When else is it okay to stand in one position and stare at a wall for minutes without people worrying about your well-being? You can be provoked and have conversations in your head between you and the stories in the paintings and walk away mid-thought or linger absent-mindedly while people think you must be pondering deep thoughts or “He gets it!” You can stare at naked statues giving your silent head nod with pursed lips, when you are really thinking, “that’s a small penis.”
And you can get an adrenaline rush from seeing an original Van Gogh knowing if you snatched this painting and ran they’d have to tackle you because it really is Van Gogh’s.
I did have an idea in a museum once. A picture came in my head of a painting that was not on any of the walls. I imagined a girl floating in water, but her face was small and her hair stretched out to the four corners of the painting so all you saw was her beautiful hair. It didn’t necessarily make sense, but I wanted to see that painting. I needed someone professional to paint it. So the idea slept in my head.
The other night my Uncle Clay asked me to paint with him, and I had made it a goal to paint a picture even though I hate goals. (Goals are great, it’s just for me goals mean ‘oh that thing I always forget to do.’) So since I had yet to commission a famous dead artist to paint this idea in my head, I decided I’d do it. I just started. It wasn’t even about getting the hair or water to look right, but it was about seeing it completely in my head until it was completely outside of my head.

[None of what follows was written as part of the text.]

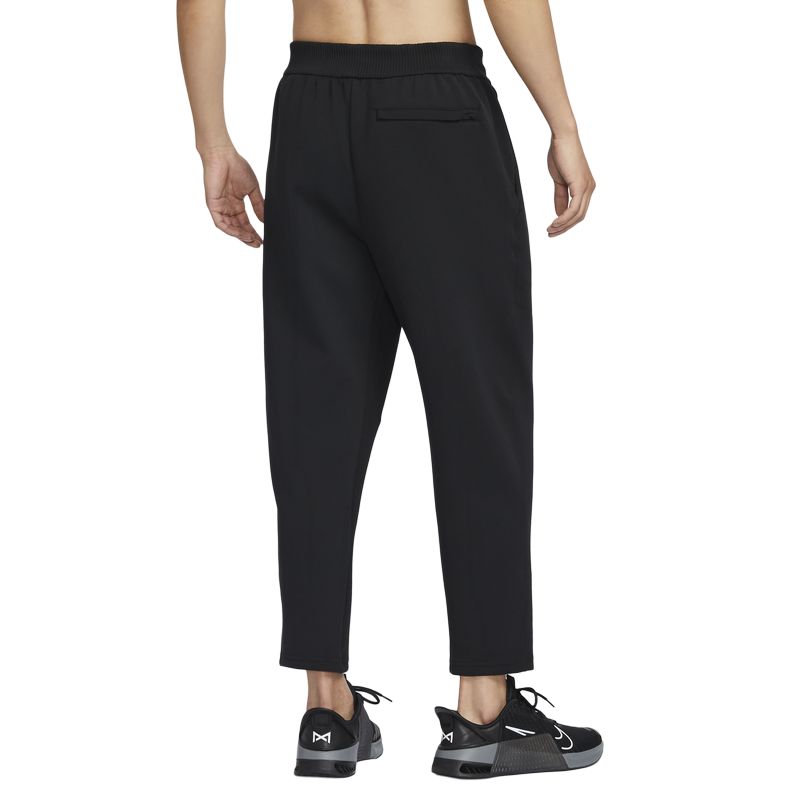 Nike Дышащие вязаные спортивные штаны Men's Black/Dark Charcoal Gray — фото 4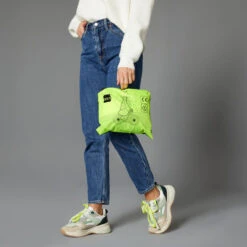 BTWIN PONCHO PLUIE VISIBILITE JOUR VELO VILLE 120 NOIR JAUNE FLUO -Vélo Expert poncho pluie visibilite jour velo ville 120 noir jaune fluo 7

I mean sure some people probably think Jackson’s weird –painting a dead lady floating in the water–(she’s not dead), and then they never think about the painting again. And I named her “Melisandre” because the red-head psycho lady on Game of Thrones who reads the future in flame bowls has weird boobs, and we joke about her boobs a lot. That’s all. It’s not a painting expressing a sexual fantasy or some inner darkness I’d like to share. It’s a vision I had and now it’s real. That’s all.
But now Melisandre is with us because I didn’t wait on someone else to paint it, and even though I don’t call myself a painter, my Uncle, who is a painter, gave me a blank canvas. So my point is we should give each other blank canvases in all parts of our life, and not be stingy in dealing out the right for someone to create. Seeds are buried underground first. So why don’t we water more what we don’t see instead of the things that are obvious?